The U.S. Court of Appeals for the Sixth Circuit recently held that a delay of over two years before attempting to compel arbitration resulted in waiver of the right to arbitrate. A copy of the opinion is attached.
Plaintiffs filed an action in May of 2007 in federal court against certain mortgage lending defendants for alleged violations of the Servicemembers’ Civil Relief Act. The matter was litigated in federal court for approximately 26 months before the defendants sought to compel arbitration under the terms of the mortgage documents executed by the Plaintiffs. The district court denied the Defendants’ motion and the Defendants appealed.
Agreeing with the lower court the Sixth Circuit found that, the Defendants in this matter waived their agreement to arbitrate by both “(1) taking actions that are completely inconsistent with any reliance on an arbitration agreement; and (2) delaying its assertion to such an extent that the opposing party incurs actual prejudice.”

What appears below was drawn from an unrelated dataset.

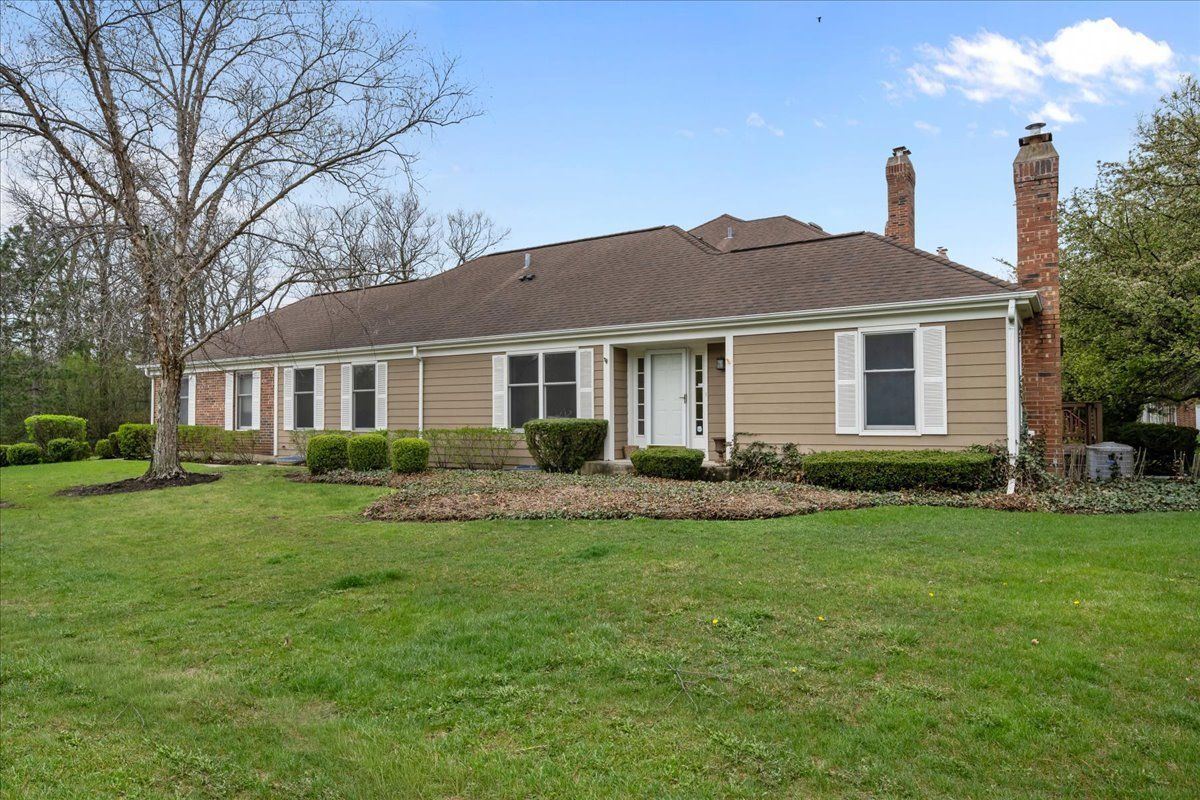 17 Sommerset Lane — Lincolnshire, IL 60069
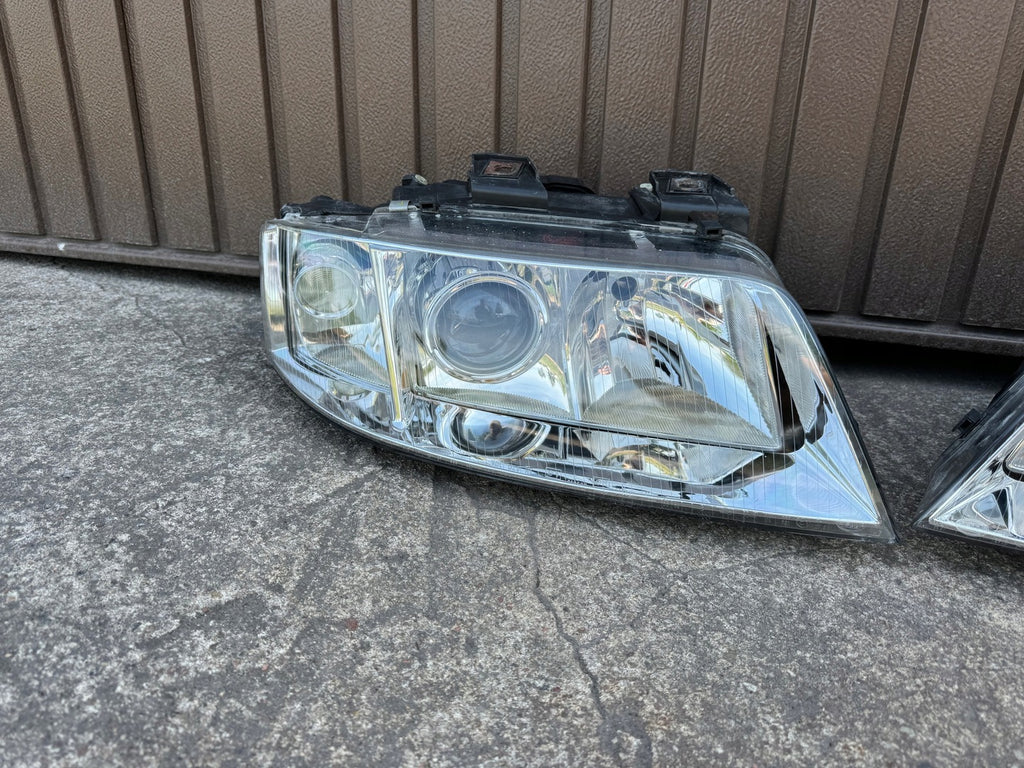 Frontscheinwerfer Audi A6 C5 Xenon Ein Stück (Rechts oder Links) Headlight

Defendants acted inconsistently with their arbitration agreement by filing “multiple dispositive and non-dispositive motions,” including a motion to change venue under which, “Defendants proactively selected the forum in which the wished to defend against Plaintiffs’ claims.” In addition to Defendants’ conduct, the Sixth Circuit indicated that the length of time alone likely would have been dispositive. In addition, the Sixth Circuit found that the Defendants’ delay in asserting their right to arbitrate prejudiced the Plaintiffs by causing them to incur costs of over two years active litigation in two federal courts.